The discounted value of future net revenues from our proved reserves is typically computed under two methods, both of which are useful for analysts and other readers of our financial statements. One measure, which conforms to Generally Accepted Accounting Principles ("GAAP"), is the after-tax Standardized Measure of Discounted Future Net Cash Flows ("SMOG"), which is calculated as the present value of estimated future net revenues discounted at a 10% interest rate and reduced by estimated future income tax expenses associated with the properties, with such taxes discounted at 10% based on the expected date of future tax payments. The other method is the pre-tax present value of estimated future net revenues discounted at a 10% interest rate, or "PV-10." PV-10 does not conform to GAAP, but is widely used as a comparative metric in our industry. Both methods utilize the same SEC price assumptions, based on trailing twelve month historical commodity prices in the field, held constant for the life of the properties and also assume continuation of existing economic conditions for operating costs and other deductions. Our discounted values under the two methods are as follows:
Standardized Measure of Proved Reserves (after-tax) |
$ 82.9 million |
Effect of Future Income Taxes, Discounted at 10% |
$ 28.0 million |
PV-10 Value of Proved Reserves |
$ 110.9 million |
The $110.9 million PV-10 value above is comprised of $101.7 million for proved developed producing reserves and $9.2 million for proved undeveloped reserves.
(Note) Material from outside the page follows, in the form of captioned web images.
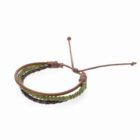 Brown leather bracelet with green beads and adjustable strings on white background.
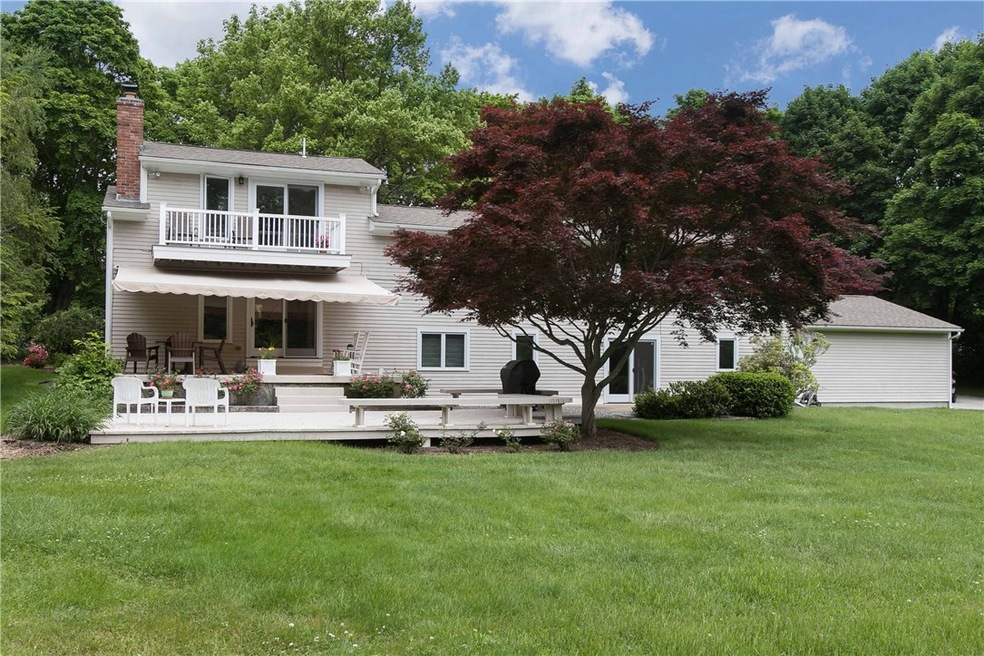 Back yard view of patio and deck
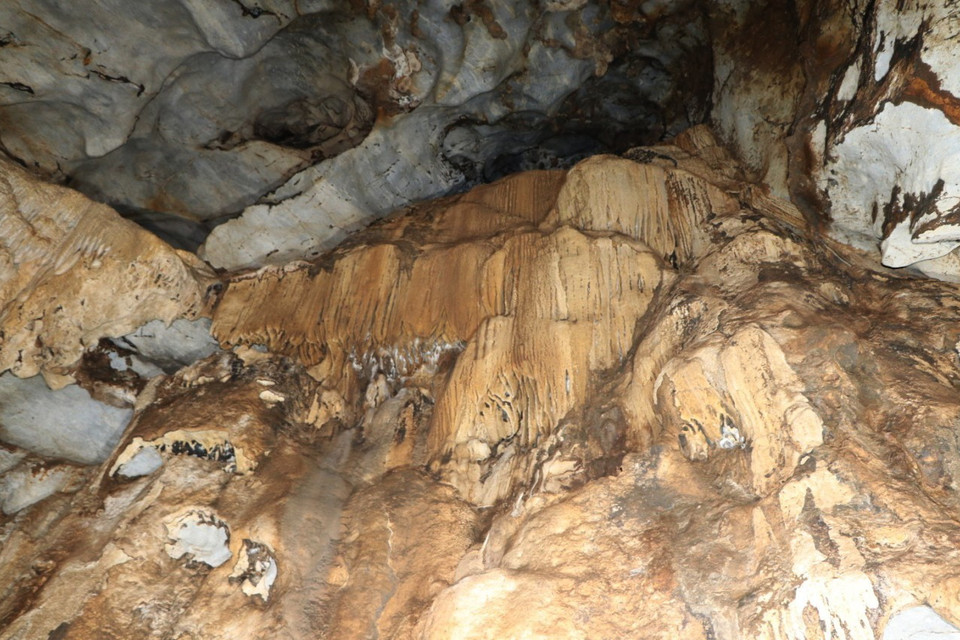 Những rèm nhũ đá có màu sắc vàng óng trên vách khoang trong hang động Hắt Chuông. (Ảnh: Xuân Tiến/TTXVN)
It is not practical to allocate future income taxes and compute SMOG values for producing versus undeveloped reserves, nor is there a comparable GAAP measure for probable or possible reserves.
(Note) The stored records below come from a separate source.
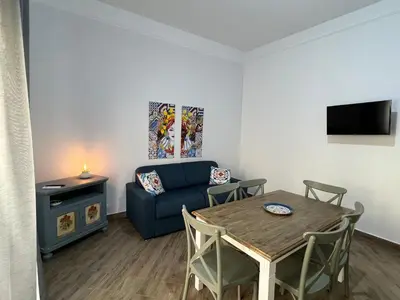 a living room with a table and a couch at Allegracori Appartamenti in Castellammare del Golfo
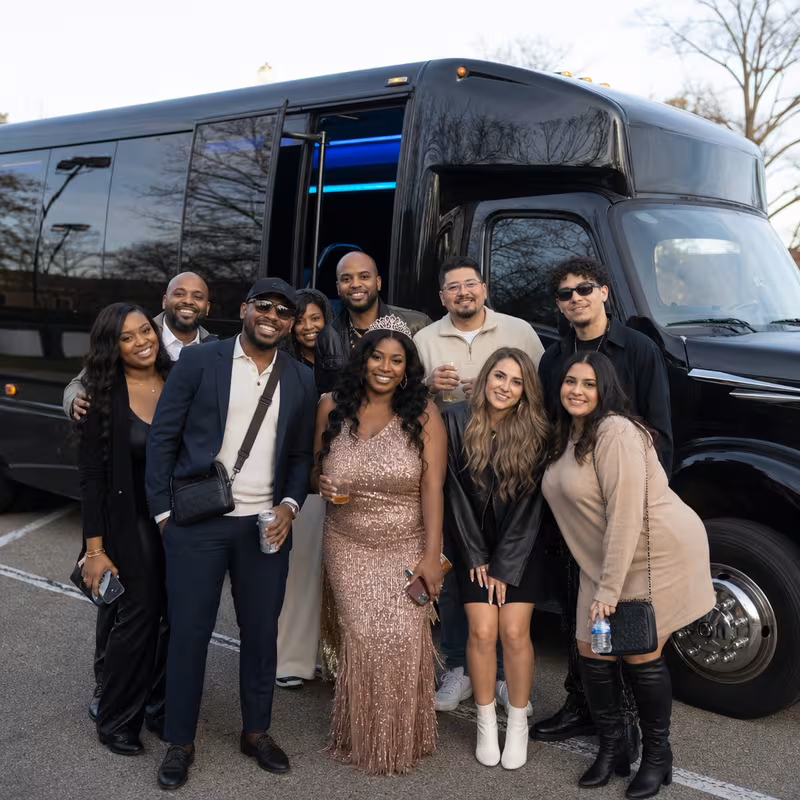 Group boarding a white charter bus for Birthday Transportation transportation in Kansas City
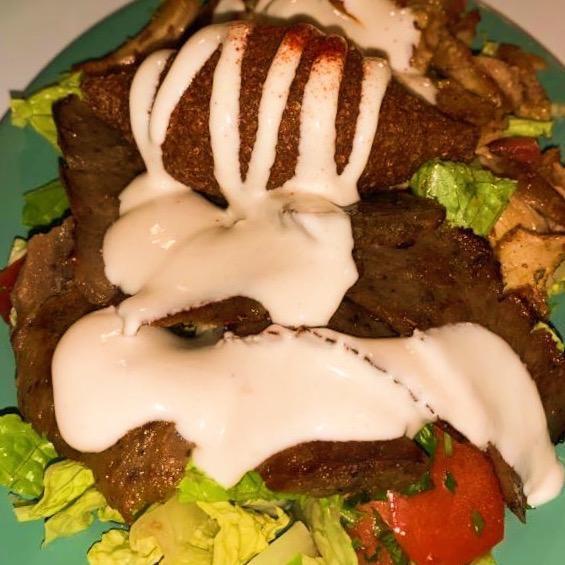 Combo Plate · Combination of gyros, chicken shawarma and kebbeh, served on a bed of lettuce, tomatoes, onions and parsley. Topped with tahini sauce.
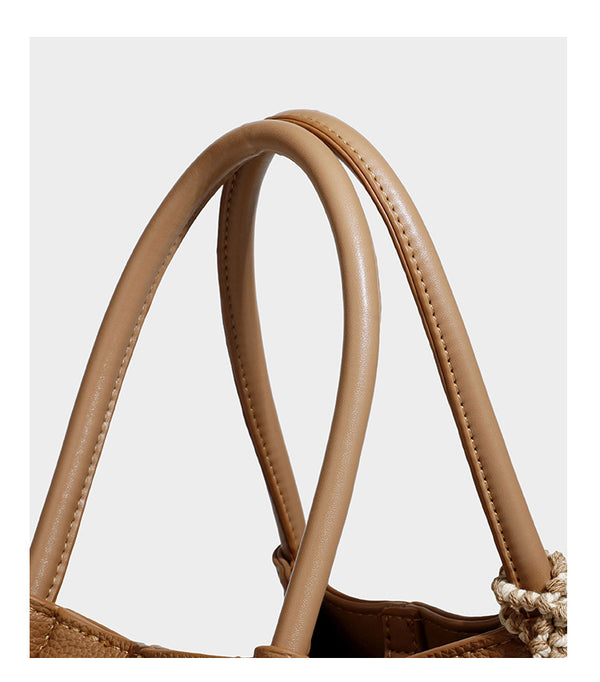 Pebbled leather-look bucket tote bag with rolled double handles, drawstring closure, braided cord charm, and detachable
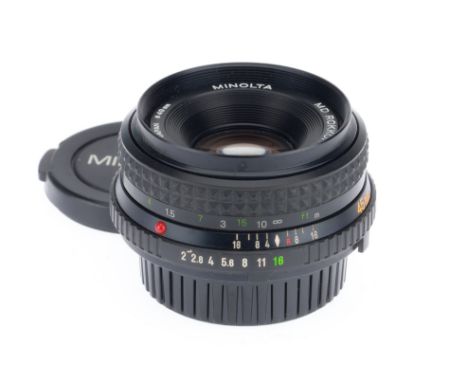 A Minolta MD Rokkor f/2 45mm Pancake Lens, black, serial number 1492110, body VG, optics VG, light haze, with front &amp; rea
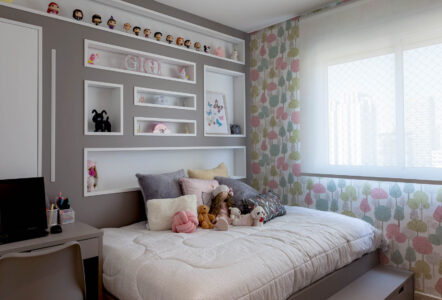 Quarto infantil com cama espaçosa e nichos na cabeceira com enfeites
The NGL plant was completed and online in December 2016. The plant has achieved its intended objectives which were (a) to remove the less dense hydrocarbons, primarily methane, from the CO2 recycle stream to improve the efficiency of the flood, (b) to produce marketable natural gas liquids for sale and (c) to produce sufficient quantities of methane and ethane to fuel the electric turbine to produce electric power in the field. The NGL plant went through an extended startup period during which certain throughput issues were identified and addressed. During this time, the plant has been operating at 25-30% below capacity, which has reduced the volumes of both NGL's and methane produced and has returned CO2 to the recycle plant for reinjection at slightly below the targeted purity range.
The lower production rate relative to plant capacity required an engineered solution to modify the CO2 processing at the inlet of the recycle plant at a cost of approximately $230 thousand, net to us. This modification project involved a four-day rolling shut-down of the recycle facility and NGL plant and was completed approximately three weeks ago in mid-August. Production results since these modifications were completed appear to have achieved the goals set out for the project. We are pleased to report that during the subsequent three week period, (a) the NGL plant has been operating at substantially 100% of capacity, (b) CO2 purity has been at or above the goal of 96%, (c) NGL volumes have been at our targeted production range of approximately 1,400 barrels per day on a gross basis and (d) methane production has supplied substantially all of the requirements for the electric turbine with minimal purchased natural gas. The electric turbine has been generating power at its rated capacity and supplying part of the power needs of the recycle facility. This should reduce future operating expenses.
Fiscal 2018 Capital Budget and Financial Outlook
We have approved expenditures totaling approximately $6.0 million net to our interest for two projects in the Delhi field. All costs are related to the proved undeveloped reserves. The first project, estimated at $3.2 million, is an infill drilling program consisting of eight wells. Three of the wells are for CO2 injection and the other five are production wells. These wells will target productive oil zones within the currently producing area of the CO2 flood. We believe these wells will both add production and increase ultimate recovery of reserves which are not being swept effectively in the current flood. The second project, estimated to cost approximately $2.8 million, consists of three new water injection wells and related infrastructure in preparation for development of Phase V of the flood. Total future development costs for Phase V are approximately $10.9 million. At this point, we expect the remaining $8.1 million of spending on Phase V to move forward in late calendar 2018 or 2019.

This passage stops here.